Esta consultora autárquica em transportes, realça que “o que se verifica atualmente é que as famílias, muitas vezes, fazem contas e concluem que é mais barato terem um carro pequeno e desdobrarem-se em viagens, fazendo a distribuição das diferentes pessoas pelas escolas e locais de trabalho do que comprarem passes para todos os elementos do agregado familiar. Temos de inverter isso”.

A Área Metropolitana de Lisboa abrange 18 municípios: Alcochete, Almada, Amadora, Barreiro, Cascais, Lisboa, Loures, Mafra, Moita, Montijo, Odivelas, Oeiras, Palmela, Seixal, Sesimbra, Setúbal, Sintra e Vila Franca de Xira.

Esta técnica refere que há “muitas pessoas a ganhar 700 ou 800 euros mensais e é incomportável terem passes caros.
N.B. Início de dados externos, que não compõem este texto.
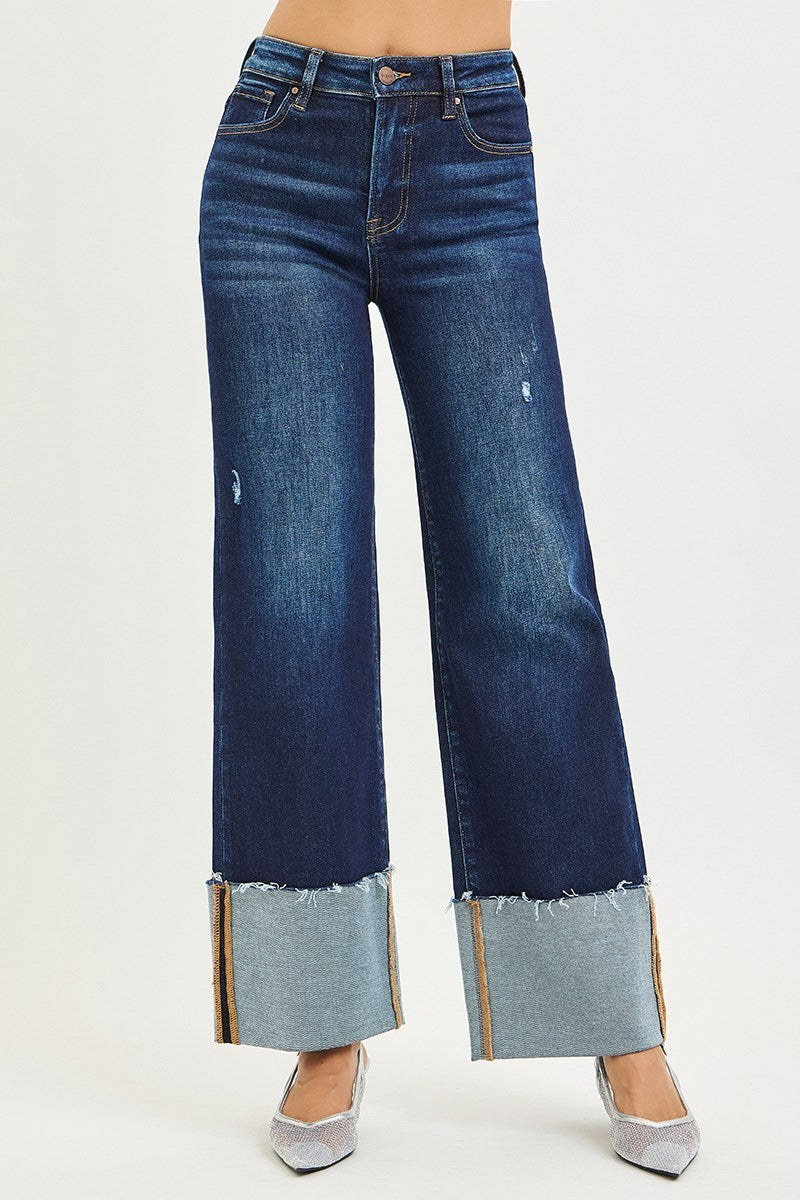 RISEN Wellington High Rise Wide Cuffed Jeans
Nalguns países do norte da Europa, como Suécia ou Holanda, temos assistido à aplicação de medidas que visam tornar o transporte coletivo mais eficiente, mas também mais atrativo, apostando na redução dos preços. Nesses países temos políticas de tarifas mais baratas, havendo, paralelamente, uma tendência de tornar os transportes públicos gratuitos”.

Intermodalidade e parques dissuasores

Paula Teles considera que “os políticos começam a entender que os transportes públicos e a sua boa interligação com outros transportes podem trazer benefícios sociais e de saúde física e mental grandes, além de melhorarem as condições do próprio Planeta”.

A Área Metropolitana do Porto inclui 17 autarquias: Arouca, Espinho, Gondomar, Maia, Matosinhos, Oliveira de Azeméis, Paredes, Porto, Póvoa do Varzim, Santa Maria da Feira, Santo Tirso, São João da Madeira, Trofa, Vale de Cambra, Valongo, Vila do Conde e Vila Nova de Gaia.

Daí a sua pronta ilação: “É um caminho inevitável a aposta num transporte público bem estruturado que permita que as pessoas façam um bom uso dos diferentes meios de transporte existentes. Nesse espírito, é importante que as pessoas utilizem igualmente parques dissuasores nas periferias”.

Como técnica que estuda estes assuntos, Paula Teles diz que “gostava de ver na área metropolitana do Porto – e refiro o Porto, pois é onde resido, mas a lógica também se aplica a Lisboa – um passe único que tivesse uma ampla interligação de todo o género de transportes, incluindo bikesharing ou mesmo táxis flutuantes – tudo articulado no Andante. Seria muito benéfico para a mobilidade urbana que esta intermodalidade presidisse também aos títulos de transporte”.